Das Kernerviertel hat seinen Mops wieder. Am Dienstag feierten rund 500 Fans die Enthüllung von Loriots Wappentier auf der Gedenksäule am Eugensplatz – und ein bisschen auch sich selbst.

Stuttgart - Dass die Einweihung des Mopses so tierisch gut ankommt, war nicht zu erwarten. Etwa zehn Prozent der rund 500 Besucher kamen auf vier Beinen zum Fest – und waren Möpse: Große, kleine, dicke, dünne, alte und junge wollten die Enthüllung ihres Artgenossen aus Bronze miterleben. Doch bis Oberbürgermeister Fritz Kuhn (Grüne) am roten Band zog und das Leintuch fiel, mussten sie sich einige Reden lang gedulden.

Jan Sellner, Leiter des Ressorts Landesnachrichten der Stuttgarter Nachrichten, die den Festakt organisierte, eilte im Mopsgalopp durch die Vergangenheit in die Gegenwart der Mops-Affäre: Er erinnerte an die Einweihung der mopslosen Säule, die plötzlich ein goldener Mops krönte, der genauso plötzlich wieder verschwand. „Es gibt wichtigere Dinge, aber es ist auch wichtig, dass es Dinge gibt, über die man schmunzeln kann, stellte Sellner fest. Damit war auch der Grund genannt, dass sich die Stuttgarter Nachrichten für die Rückkehr des Mops starkmachte.
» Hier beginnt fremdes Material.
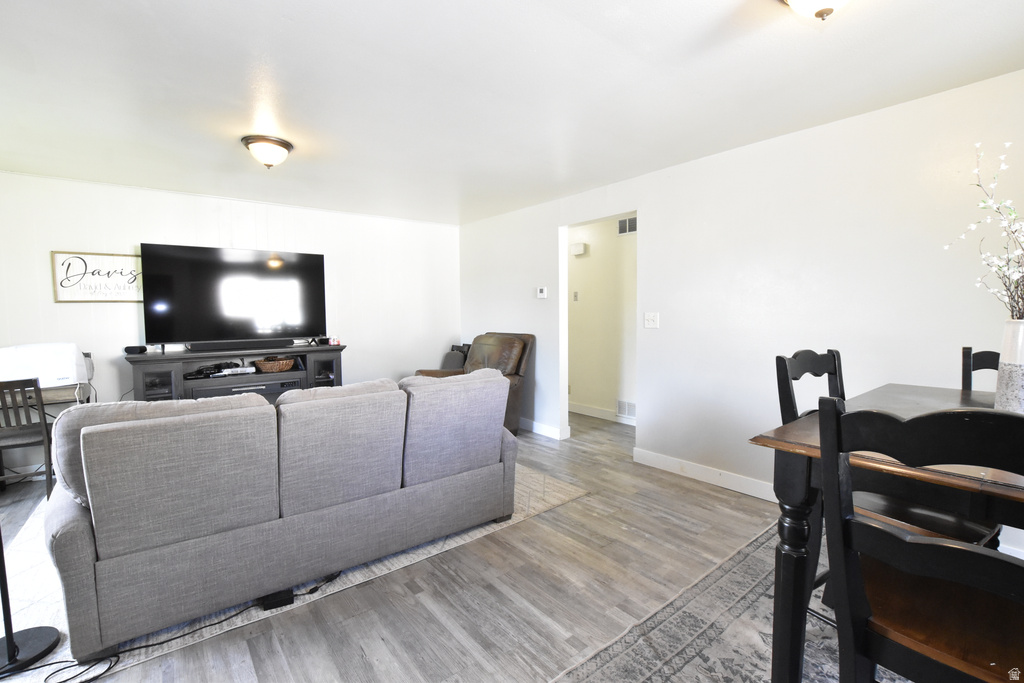 Open-concept living space featuring wood-finish flooring, recessed lighting, and crisp white walls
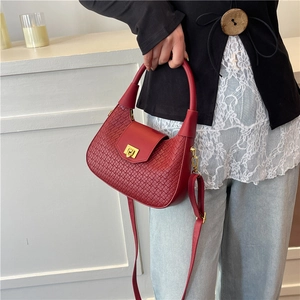 Chic burgundy woven leather crescent handbag with gold buckle and adjustable shoulder strap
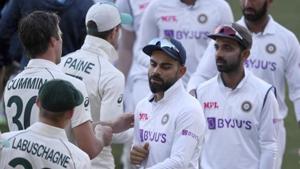 India's Virat Kohli, center, shakes hands with Australian players on the third day of their cricket test match at the Adelaide Oval in Adelaide, Australia, Saturday, Dec. 19, 2020. Australia won the match.(AP) India's Virat Kohli, center, shakes hands with Australian players on the third day of their cricket test match at the Adelaide Oval in Adelaide, Australia, Saturday, Dec. 19, 2020. Australia won the match.(AP)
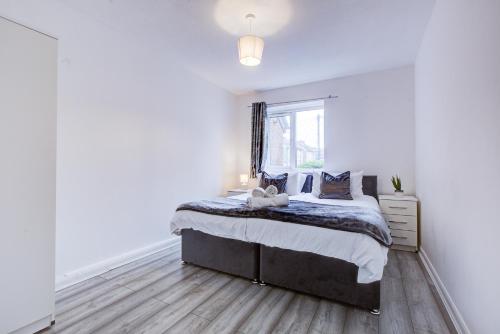 ein weißes Schlafzimmer mit einem Bett und einem Fenster in der Unterkunft Inviting Urban Apartment in Croydon in Croydon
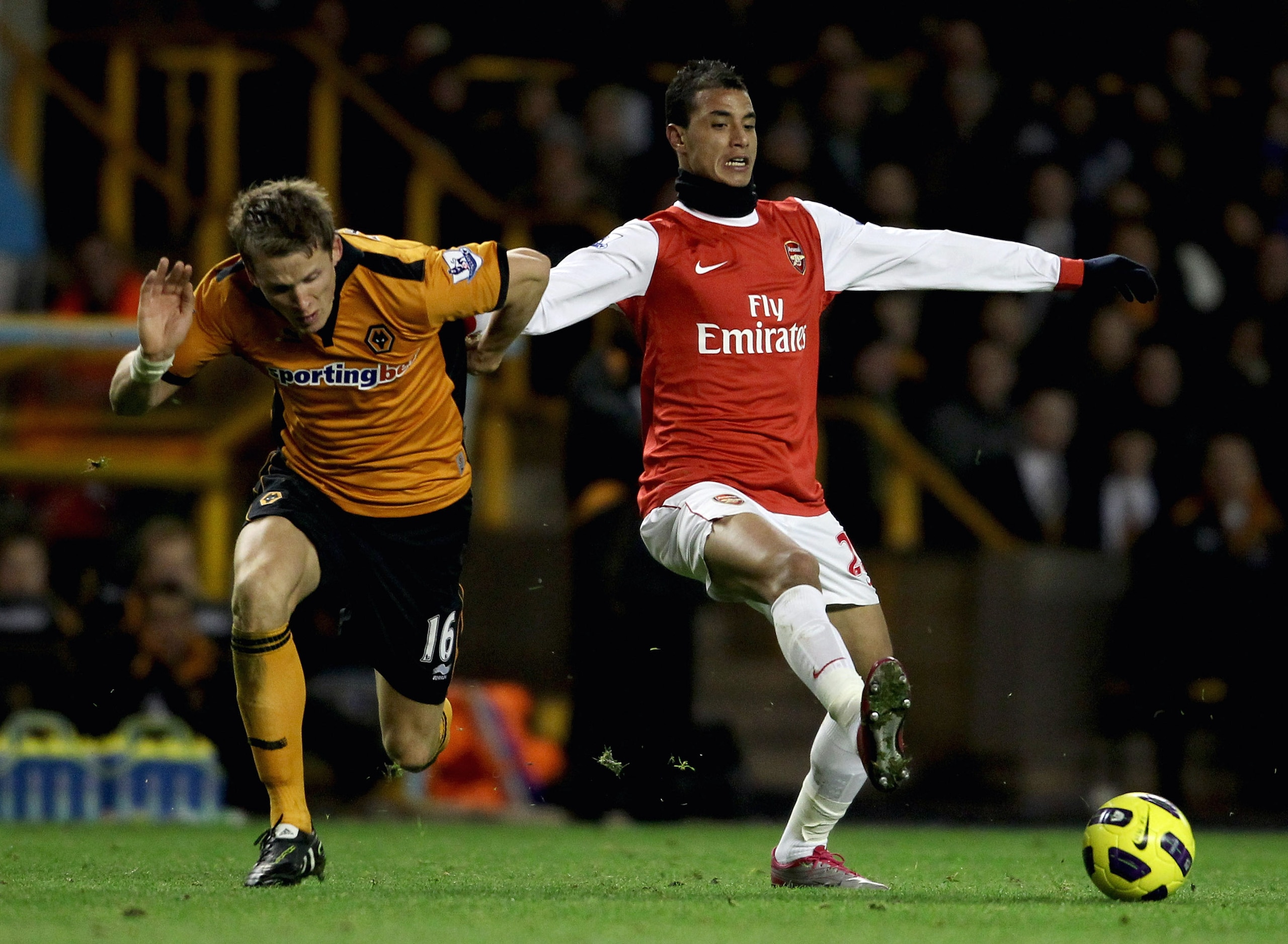 WOLVERHAMPTON, ENGLAND - NOVEMBER 10: Marouane Chamakh of Arsenal (R) in action with Christophe Berra of Wolverhampton during the Barclays Premier League match between Wolverhampton Wanderers and Arsenal, at Molineux on November 10, 2010 in Wolverhampto WOLVERHAMPTON, ENGLAND - NOVEMBER 10: Marouane Chamakh of Arsenal (R) in action with Christophe Berra of Wolverhampton during the Barclays Premier League match between Wolverhampton Wanderers and Arsenal, at Molineux on November 10, 2010 in Wolverhampto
Warum ein OB eine Bagatelle wie die Mops-Einweihung zu seiner Sache macht? Die Frage wurde Fritz Kuhn häufig gestellt. Am Eugensplatz verriet er es. „Weil Loriots feine Ironie den Menschen guttut“, offenbarte er sich als Fan des 2011 verstorbenen Humoristen schon seit seiner Kindheit.

Und warum sollte sich ein OB nicht um einen Mops kümmern, wo sogar der Dichter Ernst Jandl das Benehmen von Ottos Mops in Poesie umgesetzt hat. Zum Besten gab das Gedicht der Weltraumfahrer Ulf Merbold. Kabarettist Christoph Sonntag plädierte dafür, eine Mops-Partei zu gründen. „Da weiß man: Die sind bestechlich. Wer ihnen eine Wurst gibt, den beißen sie nicht.
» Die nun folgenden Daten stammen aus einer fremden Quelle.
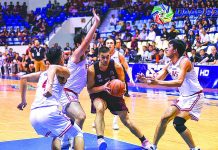 Kobe Paras of the University of the Philippines Fighting Maroons protects the ball against three University of the East Red Warriors defenders. UAAP PHOTO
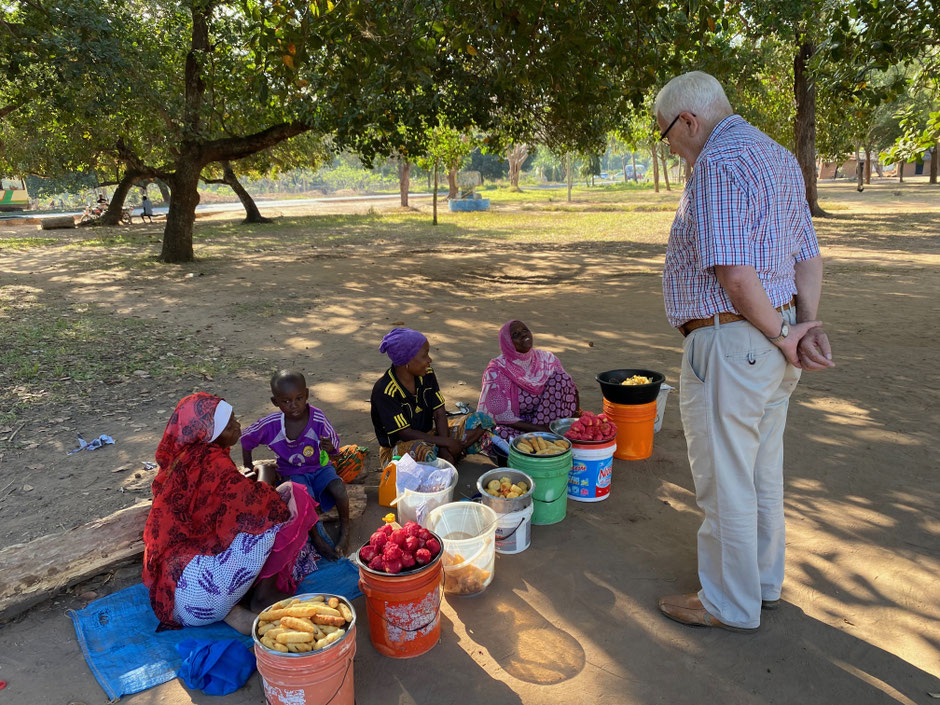 Afrikanische DDorfbewohner sitzen am Boden und verkaufen Ware. Vor ihnen steht Markus.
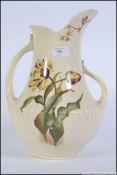 A Victorian ceramic double handled water pitcher / jug of large form by George Jones & Sons in the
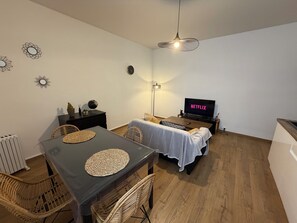 A compact living space with a dining table, chairs, a sofa, a TV, and a ceiling light fixture. - Apartment 5 minutes from the station (Metz)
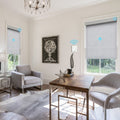 Motorized solar window shades providing light filtering in a bright living room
Gegen 11.45 Uhr war es so weit. In dem von allen mit Spannung erwarteten Augenblick ertönte kein Paukenschlag, sondern ein leises Bellen. Urheber: Polly, ein Hund, der kein Mops, sondern ein Boston-Terrier ist und Comedian Michael Gaedt gehört. Der versicherte, dass das nicht einstudiert, sondern Pollys Begeisterung echt sei. Eine Begeisterung, die die Möpse ansteckte: Die Hülle über der Bronze fiel unter lautem Gebell. Und endlich konnten sie alle sehen – die Möpsin von Bildhauer Uli Gsell: Sie sitzt nicht, sondern steht fest auf vier Beinen. „Jeder Künstler sollte einmal in seinem Leben einen Mops gemacht haben“, kommentierte der Künstler sein Werk. Mopsfans können bei ihm kleine und große Bronzen erwerben. Die großen Möpse können fünf-, die kleinen neun mal nachgegossen werden.
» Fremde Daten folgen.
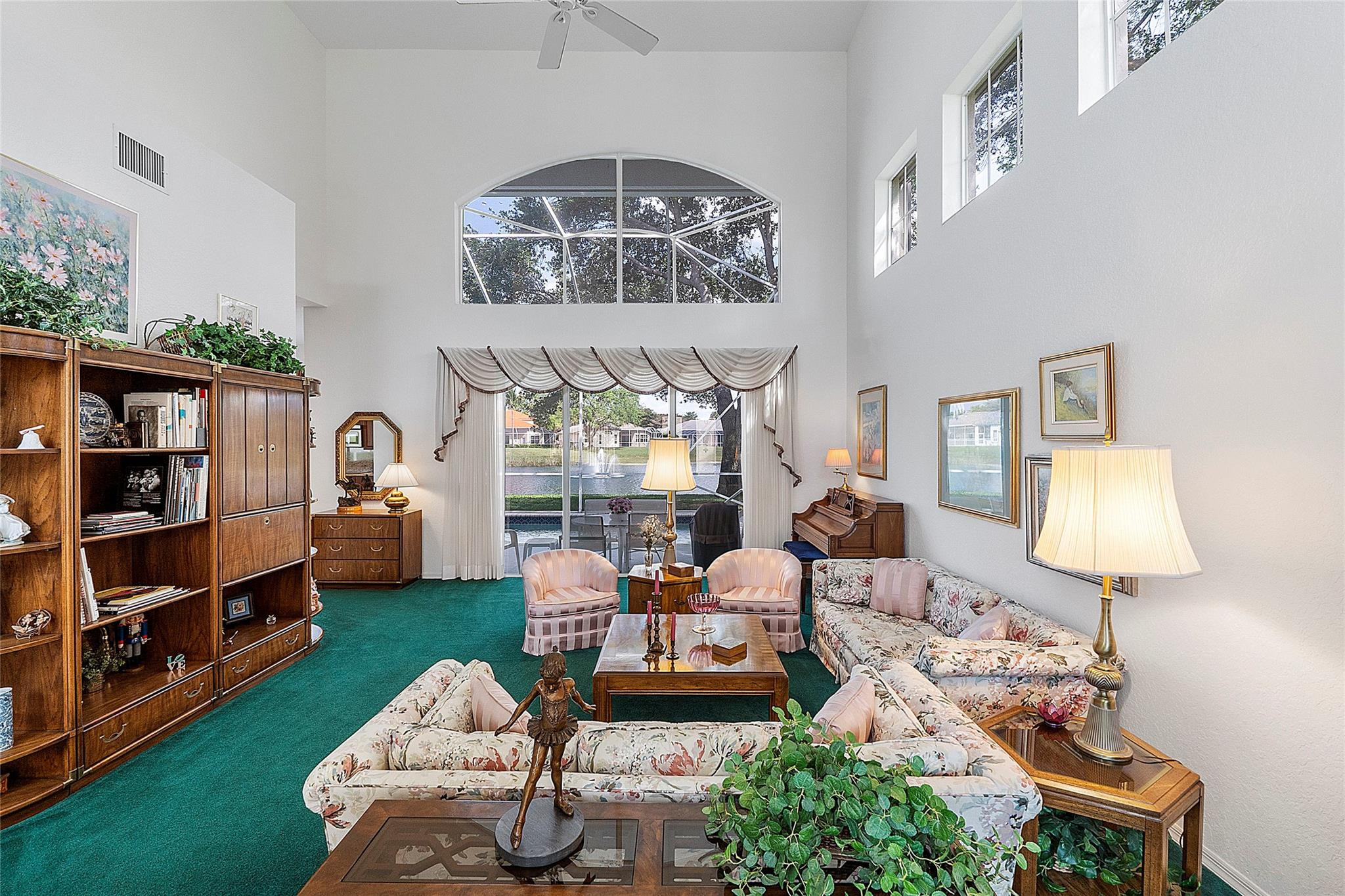 22293 Rushmore Place Boca Raton, FL 33428 - Photo 7 of 59 a living room with furniture and a chandelier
Der Autor und Historiker Gerhard Raff, Ideengeber für die einst mopslose Loriot-Säule, erkannte nach der Enthüllung die Zeichen der Zeit: „Die nulltarifliche ­Mopseisspeisung“ in der Eisdiele Pinguin war endlich angesagt. Aber vorher gab es noch großes Händeschütteln und Schulterklopfen: Denn der Mops gefällt allen – und jeder hat mitgeholfen, ihn auf die Beine und die Säule zu stellen: die Bürger, weil sie wieder einen Mops forderten, die Spender durch große und kleine Geldbeiträge, der Künstler, weil er sich auf die Idee eingelassen hatte. Raff und Volker März, der die Säule stiftete, weil sie mit der Idee einverstanden waren.

Und die Mops-Affäre ist noch nicht vorbei: Jetzt wird ein Name für das Tier gesucht.